Find the homotopy classes of maps $[S^n,S^1]$ and $[\mathbb RP^n, S^1],$ for $n \geq 2.$
I know the following theorem in the context of covering spaces.
Let $p : E \longrightarrow B$ be a covering map; let $p(e_0) = b_0.$ Let $f : Y \longrightarrow B$ be a continuous map, either $f(y_0) = b_0.$ Suppose $Y$ is path connected and locally path connected. The map $f$ can be lifted to a map $\widetilde {f} : Y \longrightarrow E$ such that $\widetilde {f} (y_0)) = e_0$ if and only if $$f_{*} (\pi_1 (Y,y_0) \subseteq p_* (\pi_1 (E,e_0)).$$
Furthermore, if such a lifting exists, it is unique.
With the help of the above theorem how do I deduce the required homotopy classes of maps?
I know that $\pi_1 (S^n) = 0,$ for $n \geq 2$ and $S^n$ is cleary path connected and locally path connected. Therefore with the help of the above theorem we can say that any map $f : S^n \longrightarrow S^1$ factors through $\mathbb R$ via the following composition of maps $$S^n \xrightarrow {\widetilde {f}} \mathbb R \xrightarrow {p} S^1$$ where $\widetilde {f}$ is the unique lifting of $f$ from $S^n$ to $\mathbb R$ and $p : \mathbb R \longrightarrow S^1$ is the covering map. Now how do I proceed? Does the contractibility of $\mathbb R$ play any role here?

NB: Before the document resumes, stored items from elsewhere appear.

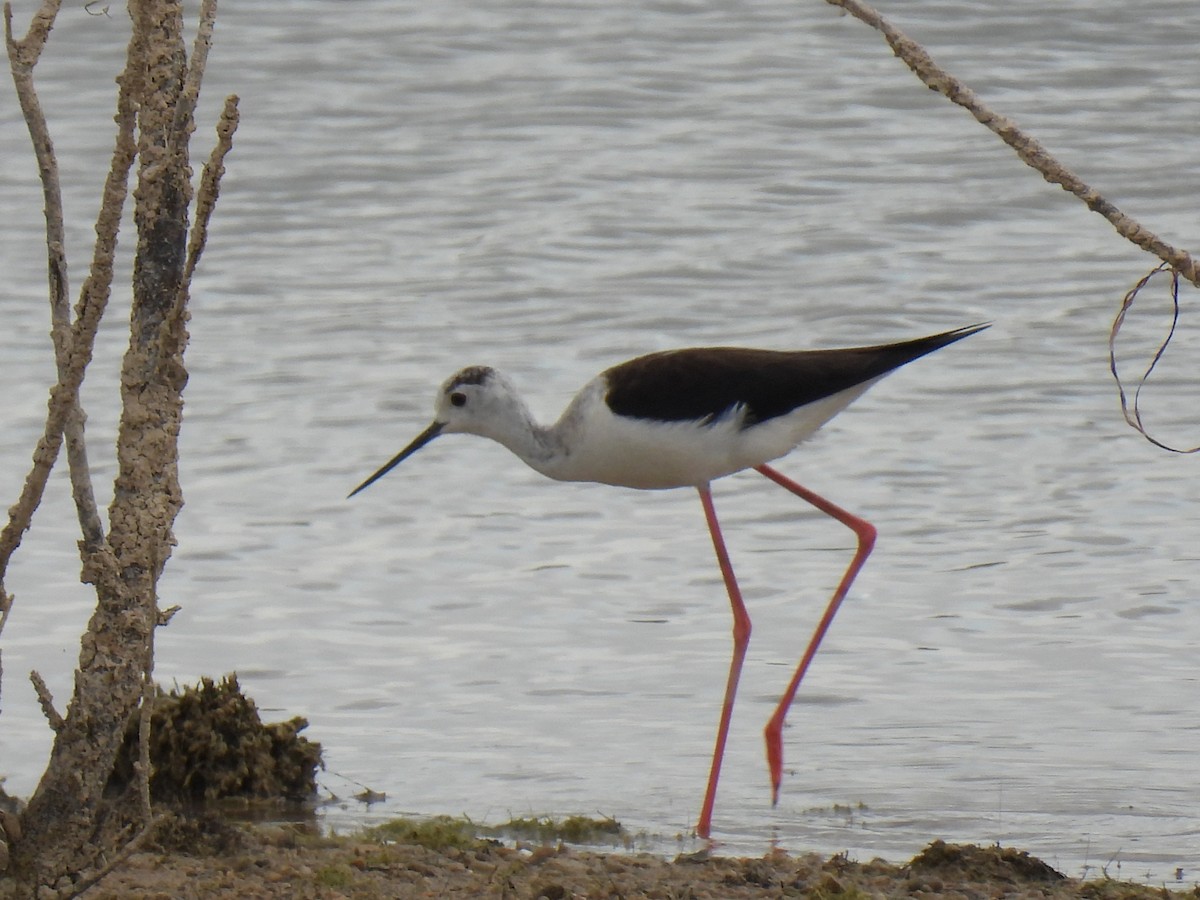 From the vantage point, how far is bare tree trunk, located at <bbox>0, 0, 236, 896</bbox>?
135 inches

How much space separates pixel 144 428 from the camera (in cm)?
345

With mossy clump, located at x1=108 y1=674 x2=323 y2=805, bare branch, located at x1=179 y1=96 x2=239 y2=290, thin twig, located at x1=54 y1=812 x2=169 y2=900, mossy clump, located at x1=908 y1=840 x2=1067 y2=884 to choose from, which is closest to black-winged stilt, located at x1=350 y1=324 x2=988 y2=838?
mossy clump, located at x1=108 y1=674 x2=323 y2=805

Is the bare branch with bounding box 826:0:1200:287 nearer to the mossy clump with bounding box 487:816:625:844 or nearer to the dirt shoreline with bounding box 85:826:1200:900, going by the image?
the dirt shoreline with bounding box 85:826:1200:900

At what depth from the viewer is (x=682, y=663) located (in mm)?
6340

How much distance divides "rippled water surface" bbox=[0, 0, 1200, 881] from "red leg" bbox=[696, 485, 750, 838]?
0.28ft

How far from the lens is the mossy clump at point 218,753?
5250mm

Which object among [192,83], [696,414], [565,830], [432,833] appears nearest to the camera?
[192,83]

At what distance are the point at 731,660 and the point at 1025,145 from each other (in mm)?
3215

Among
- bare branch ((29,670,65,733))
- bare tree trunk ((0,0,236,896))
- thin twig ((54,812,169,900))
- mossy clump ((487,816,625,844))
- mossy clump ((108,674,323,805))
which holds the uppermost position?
bare tree trunk ((0,0,236,896))

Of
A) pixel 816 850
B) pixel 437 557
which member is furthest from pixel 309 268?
pixel 816 850

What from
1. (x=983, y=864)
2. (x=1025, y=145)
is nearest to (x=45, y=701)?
(x=1025, y=145)

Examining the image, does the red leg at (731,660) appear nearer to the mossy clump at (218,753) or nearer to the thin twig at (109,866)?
the mossy clump at (218,753)

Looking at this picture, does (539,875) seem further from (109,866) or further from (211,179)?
(211,179)

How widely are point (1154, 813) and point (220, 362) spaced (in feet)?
17.5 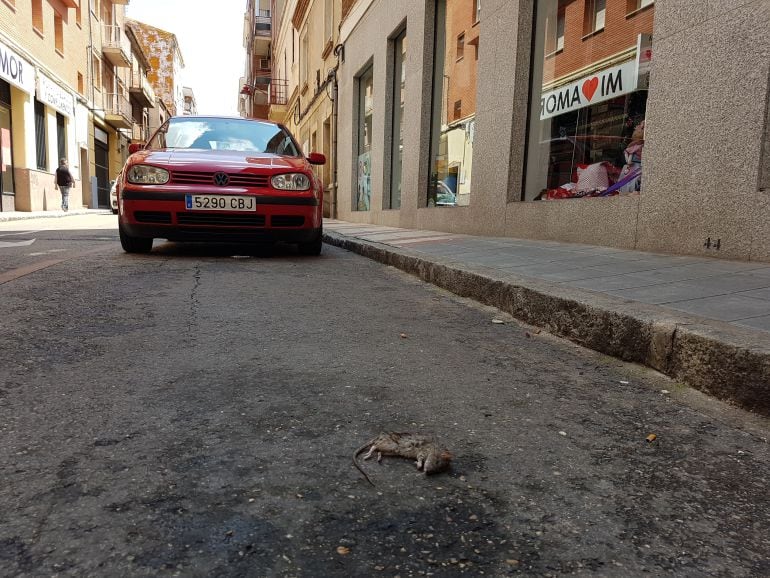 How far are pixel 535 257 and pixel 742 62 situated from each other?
1.99m

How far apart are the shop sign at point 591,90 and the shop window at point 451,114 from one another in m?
1.56

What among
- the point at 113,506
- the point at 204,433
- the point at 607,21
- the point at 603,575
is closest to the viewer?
the point at 603,575

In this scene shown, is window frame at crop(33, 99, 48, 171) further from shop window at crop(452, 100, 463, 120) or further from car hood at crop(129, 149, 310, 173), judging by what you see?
car hood at crop(129, 149, 310, 173)

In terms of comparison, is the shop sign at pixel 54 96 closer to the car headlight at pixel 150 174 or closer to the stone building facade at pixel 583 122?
the stone building facade at pixel 583 122

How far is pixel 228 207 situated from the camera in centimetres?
574

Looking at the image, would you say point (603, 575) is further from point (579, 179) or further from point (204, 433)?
point (579, 179)

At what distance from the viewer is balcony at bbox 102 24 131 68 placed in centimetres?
2938

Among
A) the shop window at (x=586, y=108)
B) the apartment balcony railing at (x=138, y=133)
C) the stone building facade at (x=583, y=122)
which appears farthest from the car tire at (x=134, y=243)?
the apartment balcony railing at (x=138, y=133)

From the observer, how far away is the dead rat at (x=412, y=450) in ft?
4.93

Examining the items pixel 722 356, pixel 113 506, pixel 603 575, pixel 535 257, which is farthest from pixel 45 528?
pixel 535 257

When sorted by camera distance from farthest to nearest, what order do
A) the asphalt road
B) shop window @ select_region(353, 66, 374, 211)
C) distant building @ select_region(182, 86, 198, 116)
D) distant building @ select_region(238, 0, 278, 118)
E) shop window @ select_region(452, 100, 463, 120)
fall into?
distant building @ select_region(182, 86, 198, 116)
distant building @ select_region(238, 0, 278, 118)
shop window @ select_region(353, 66, 374, 211)
shop window @ select_region(452, 100, 463, 120)
the asphalt road

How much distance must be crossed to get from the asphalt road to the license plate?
8.96ft

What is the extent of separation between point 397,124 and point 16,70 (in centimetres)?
1197

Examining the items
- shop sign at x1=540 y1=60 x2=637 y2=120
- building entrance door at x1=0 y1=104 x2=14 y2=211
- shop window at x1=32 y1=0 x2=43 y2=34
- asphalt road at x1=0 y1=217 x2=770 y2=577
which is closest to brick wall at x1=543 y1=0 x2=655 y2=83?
shop sign at x1=540 y1=60 x2=637 y2=120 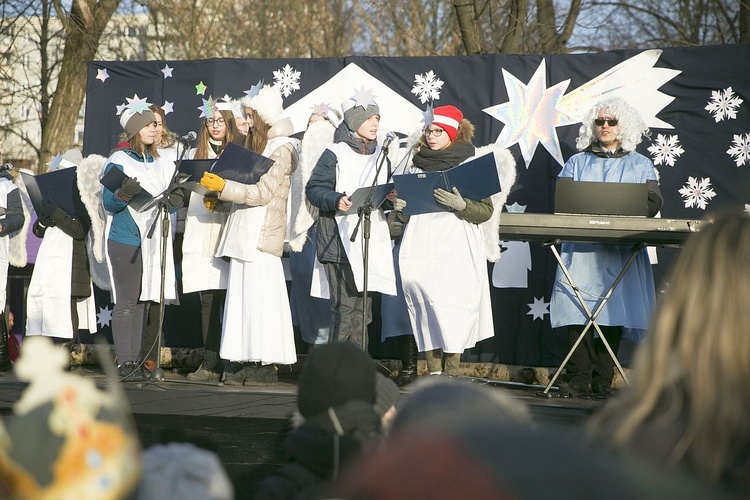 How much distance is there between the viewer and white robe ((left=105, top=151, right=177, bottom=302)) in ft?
23.6

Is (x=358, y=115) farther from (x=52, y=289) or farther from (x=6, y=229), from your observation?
(x=6, y=229)

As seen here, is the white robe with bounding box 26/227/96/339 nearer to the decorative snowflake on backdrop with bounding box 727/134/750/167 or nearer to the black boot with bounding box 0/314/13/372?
the black boot with bounding box 0/314/13/372

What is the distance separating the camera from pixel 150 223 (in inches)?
288

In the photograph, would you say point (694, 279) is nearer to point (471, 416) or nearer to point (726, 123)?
point (471, 416)

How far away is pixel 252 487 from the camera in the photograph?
4.46m

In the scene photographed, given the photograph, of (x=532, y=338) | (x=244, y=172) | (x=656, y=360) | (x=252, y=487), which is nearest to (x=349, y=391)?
(x=656, y=360)

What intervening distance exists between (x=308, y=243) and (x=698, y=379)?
656 centimetres

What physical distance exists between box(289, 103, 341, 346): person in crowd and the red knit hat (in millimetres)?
1050

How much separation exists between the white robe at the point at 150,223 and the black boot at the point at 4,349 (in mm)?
1676

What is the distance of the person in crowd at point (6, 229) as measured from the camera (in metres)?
8.31

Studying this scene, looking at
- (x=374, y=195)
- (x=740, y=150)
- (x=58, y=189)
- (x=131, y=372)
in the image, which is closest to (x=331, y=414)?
(x=374, y=195)

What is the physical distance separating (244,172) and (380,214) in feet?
3.10

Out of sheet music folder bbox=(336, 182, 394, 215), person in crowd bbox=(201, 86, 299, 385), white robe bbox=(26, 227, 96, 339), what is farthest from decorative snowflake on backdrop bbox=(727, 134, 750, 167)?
white robe bbox=(26, 227, 96, 339)

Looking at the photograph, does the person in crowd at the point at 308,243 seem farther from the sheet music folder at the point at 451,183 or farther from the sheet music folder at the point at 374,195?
the sheet music folder at the point at 451,183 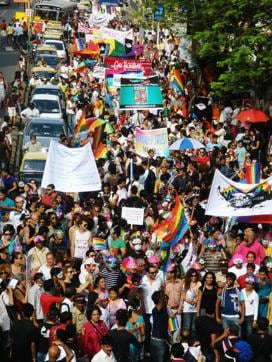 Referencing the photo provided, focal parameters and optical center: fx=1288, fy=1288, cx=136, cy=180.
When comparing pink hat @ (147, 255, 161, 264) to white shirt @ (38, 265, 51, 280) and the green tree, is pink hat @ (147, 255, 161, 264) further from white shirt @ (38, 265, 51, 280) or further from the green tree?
the green tree

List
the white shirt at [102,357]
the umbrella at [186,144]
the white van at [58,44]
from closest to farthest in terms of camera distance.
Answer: the white shirt at [102,357], the umbrella at [186,144], the white van at [58,44]

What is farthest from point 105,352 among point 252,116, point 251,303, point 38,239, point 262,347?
point 252,116

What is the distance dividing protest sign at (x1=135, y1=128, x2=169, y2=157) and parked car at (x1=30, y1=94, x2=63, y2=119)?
27.3 feet

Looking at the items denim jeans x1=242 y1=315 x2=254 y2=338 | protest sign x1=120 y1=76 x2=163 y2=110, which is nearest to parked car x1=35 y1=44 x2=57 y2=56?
protest sign x1=120 y1=76 x2=163 y2=110

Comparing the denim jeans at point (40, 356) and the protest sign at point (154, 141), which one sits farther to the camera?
the protest sign at point (154, 141)

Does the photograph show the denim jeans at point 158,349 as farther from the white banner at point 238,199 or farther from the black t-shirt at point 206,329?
the white banner at point 238,199

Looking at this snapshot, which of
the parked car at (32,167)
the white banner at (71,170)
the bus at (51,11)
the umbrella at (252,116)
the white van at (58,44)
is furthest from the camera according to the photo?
the bus at (51,11)

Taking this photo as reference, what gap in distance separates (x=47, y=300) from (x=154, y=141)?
1033cm

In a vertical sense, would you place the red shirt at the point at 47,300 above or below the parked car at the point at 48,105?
above

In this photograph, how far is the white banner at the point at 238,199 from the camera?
19.8 metres

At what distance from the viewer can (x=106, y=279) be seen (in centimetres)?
1702

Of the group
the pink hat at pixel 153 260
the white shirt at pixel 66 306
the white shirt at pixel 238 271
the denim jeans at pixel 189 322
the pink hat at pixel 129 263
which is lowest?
the denim jeans at pixel 189 322

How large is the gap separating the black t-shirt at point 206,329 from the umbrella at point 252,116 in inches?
552

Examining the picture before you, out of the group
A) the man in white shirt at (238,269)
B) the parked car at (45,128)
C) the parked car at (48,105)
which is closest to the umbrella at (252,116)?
the parked car at (45,128) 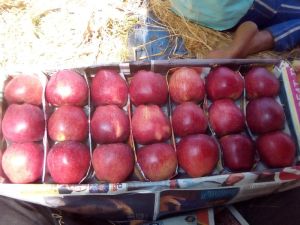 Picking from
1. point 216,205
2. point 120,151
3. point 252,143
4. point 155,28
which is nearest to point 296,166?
point 252,143

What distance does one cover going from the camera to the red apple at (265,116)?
1094mm

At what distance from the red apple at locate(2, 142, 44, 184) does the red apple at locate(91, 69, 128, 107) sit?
0.23m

For the second one I didn't able to conclude that $f_*(\pi_1(\mathbb R P^n)) = 0 = p_* (\pi_1(\mathbb R)).$ I know that $\pi_1(\mathbb R P^n) = \mathbb Z/2\mathbb Z.$ But how does it imply that $f_*(\pi_1(\mathbb R P^n)) = 0\ $? Which is needed to apply the above theorem.
Any help in this regard would be much appreciated. Thanks for your time.
Yes, the contractibility of $\mathbb{R}$ plays a central role here. For you have just shown that all maps $\mathbb{S}^n \to \mathbb{S}^1$, $n \geq 2$, factor through $\mathbb{R}$. This means that there is at most one map $\mathbb{S}^n \to \mathbb{S}^1$ up to homotopy, since if we have $f, g : \mathbb{S}^n \to \mathbb{S}^1$, then $\tilde{f} \simeq \tilde{g}$ because $\mathbb{R}$ is contractible, and hence $f = p \circ \tilde{f} \simeq p \circ \tilde{g} = g$.
In the second case, we know that for all $u \in \pi_1(\mathbb{R}P^n)$, $u \cdot u = e$. Therefore, we have $f_*(u) \cdot f_*(u) = 0$ in $\pi(\mathbb{S}^1)$. Since the latter is isomorphic to $\mathbb{Z}$, we see that it must be the case that $f_*(u) = e$ for all $u$, and hence $f_*(\pi_1(\mathbb{R}P^n)) = 0$.